Des phonographes attendent leur musée

Au fond du musée des instruments de musique d’Ennejma Ezzahra, derrière les portes fermées à clé, se trouve, depuis des années, une merveilleuse collection de phonographes. Soixante appareils, aussi beaux les uns que les autres, attendent d’être restaurés et puis exposés. «Mais avant cela, il faut d’abord aménager l’espace et créer une nouvelle scénographie pour le musée», nous explique Mounir Hentati, responsable au Palais du Baron d’Erlanger.

Du bout du doigt, ce dernier met en marche une de ces machines et la voix de Habiba M’sika retentit, comme par magie, dans l’espace étroit qui sert de réserve. Pour baisser le volume, Hentati pivote les battants de la caisse en bois ciré. «C’est ensorcelant !», s’émerveille-t-il. Selon lui, mettre en valeur ce patrimoine, à la fois matériel et immatériel, nécessite une recherche approfondie pour mieux apprécier sa beauté visuelle et sonore.

Ces rares spécimens d’appareils de reproduction du son fixés sur cylindre, sur disque, sur fil ou sur bande magnétique, et dont la majorité provient de la collection privée de Habib Boughrara, peuvent être répartis en trois grands ensembles : d’abord, il y a des phonographes à cylindre actionnés manuellement, dont un dictaphone. Ensuite, on trouve des phonographes à disque (78 tours/mn à enregistrement mécanique), et enfin des appareils de lecture à alimentation électronique.
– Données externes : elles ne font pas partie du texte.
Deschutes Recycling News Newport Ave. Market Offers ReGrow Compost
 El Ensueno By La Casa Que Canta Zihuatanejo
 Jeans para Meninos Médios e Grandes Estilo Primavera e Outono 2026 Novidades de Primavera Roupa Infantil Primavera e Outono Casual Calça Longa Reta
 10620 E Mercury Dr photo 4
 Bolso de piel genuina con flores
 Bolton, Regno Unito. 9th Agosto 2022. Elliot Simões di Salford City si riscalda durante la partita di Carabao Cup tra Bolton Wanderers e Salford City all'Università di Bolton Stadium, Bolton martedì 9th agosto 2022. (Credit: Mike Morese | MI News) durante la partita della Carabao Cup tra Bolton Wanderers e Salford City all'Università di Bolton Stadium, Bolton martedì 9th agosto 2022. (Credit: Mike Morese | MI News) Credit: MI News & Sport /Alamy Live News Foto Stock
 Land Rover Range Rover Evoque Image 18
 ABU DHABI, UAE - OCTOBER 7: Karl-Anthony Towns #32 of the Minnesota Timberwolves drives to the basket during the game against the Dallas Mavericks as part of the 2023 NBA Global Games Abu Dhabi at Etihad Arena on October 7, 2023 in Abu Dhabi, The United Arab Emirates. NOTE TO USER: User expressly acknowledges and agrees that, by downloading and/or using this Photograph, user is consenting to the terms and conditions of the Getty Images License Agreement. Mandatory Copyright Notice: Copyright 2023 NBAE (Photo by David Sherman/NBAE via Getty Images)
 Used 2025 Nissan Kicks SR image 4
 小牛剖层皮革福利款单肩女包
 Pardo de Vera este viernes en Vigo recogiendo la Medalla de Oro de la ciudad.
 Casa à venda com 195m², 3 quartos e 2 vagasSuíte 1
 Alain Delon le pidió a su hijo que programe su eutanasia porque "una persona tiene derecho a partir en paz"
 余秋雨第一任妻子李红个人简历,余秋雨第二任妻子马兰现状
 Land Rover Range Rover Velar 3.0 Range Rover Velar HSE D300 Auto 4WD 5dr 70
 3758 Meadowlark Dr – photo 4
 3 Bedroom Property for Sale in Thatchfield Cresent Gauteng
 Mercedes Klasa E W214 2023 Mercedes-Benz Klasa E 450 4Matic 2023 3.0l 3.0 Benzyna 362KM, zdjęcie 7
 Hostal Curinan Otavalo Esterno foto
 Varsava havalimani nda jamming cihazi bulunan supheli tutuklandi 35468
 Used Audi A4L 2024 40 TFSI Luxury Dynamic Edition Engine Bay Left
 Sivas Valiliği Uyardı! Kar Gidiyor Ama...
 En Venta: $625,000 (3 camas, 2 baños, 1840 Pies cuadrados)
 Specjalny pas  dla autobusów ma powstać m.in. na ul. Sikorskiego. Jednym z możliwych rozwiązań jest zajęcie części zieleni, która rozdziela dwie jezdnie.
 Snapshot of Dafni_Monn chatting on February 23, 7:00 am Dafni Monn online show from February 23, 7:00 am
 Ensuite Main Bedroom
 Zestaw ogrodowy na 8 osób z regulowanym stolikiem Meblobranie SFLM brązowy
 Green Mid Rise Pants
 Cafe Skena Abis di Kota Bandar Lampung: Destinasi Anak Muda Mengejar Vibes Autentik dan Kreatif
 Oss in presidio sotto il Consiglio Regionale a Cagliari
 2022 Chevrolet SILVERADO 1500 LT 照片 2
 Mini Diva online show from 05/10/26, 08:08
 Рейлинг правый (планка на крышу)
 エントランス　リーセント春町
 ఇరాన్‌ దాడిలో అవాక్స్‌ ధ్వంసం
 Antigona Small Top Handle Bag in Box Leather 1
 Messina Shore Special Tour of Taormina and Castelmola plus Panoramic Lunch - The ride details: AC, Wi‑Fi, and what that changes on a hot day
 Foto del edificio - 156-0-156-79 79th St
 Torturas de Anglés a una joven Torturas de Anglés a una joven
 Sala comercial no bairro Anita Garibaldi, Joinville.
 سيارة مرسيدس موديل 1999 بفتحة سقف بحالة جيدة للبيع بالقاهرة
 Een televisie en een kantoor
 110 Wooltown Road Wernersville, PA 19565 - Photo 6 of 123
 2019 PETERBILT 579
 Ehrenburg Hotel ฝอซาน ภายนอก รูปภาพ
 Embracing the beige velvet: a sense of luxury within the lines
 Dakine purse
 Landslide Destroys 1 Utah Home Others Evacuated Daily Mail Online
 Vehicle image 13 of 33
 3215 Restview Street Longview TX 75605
Ancêtres du CD et du MP3, ces machines retracent l’histoire de la reproduction sonore au cours de la première moitié du XXe siècle.

Rappelons que l’introduction et la diffusion, à une échelle relativement large, des phonographes à disque (78t /mn) semblent coïncider avec l’apparition des premiers enregistrements commerciaux arabes puis tunisiens, aux alentours de 1904. La première compagnie discographique s’appelait Gramophone, installée en Tunisie en 1908. Elle a pu réaliser, en deux ans, 180 enregistrements.

Il est important de savoir que les premiers diffuseurs de disques sont eux aussi les premiers vendeurs de phonographes. Parmi eux, nous citons les frères Bembaron, Joseph Naracci et Béchir R’saïssi. A cette époque, les Tunisiens étaient de grands consommateurs de musique. En 1925, par exemple, 38,1 tonnes de phonographes et de disques étaient importées de France pour la Tunisie.

Autre indicateur de cette frénésie artistique, la vogue des cafés qui proposaient l’écoute de ces disques, contre une petite augmentation du coût des consommations, tels que les cafés Onk, Stambouli, Blom…

Le Tunisien a donc une histoire particulière avec ces machines qui lui ont ouvert la porte de l’art et du rêve. Créer un musée de phonographes plongera le mélomane dans un passé pas très lointain au charme particulier.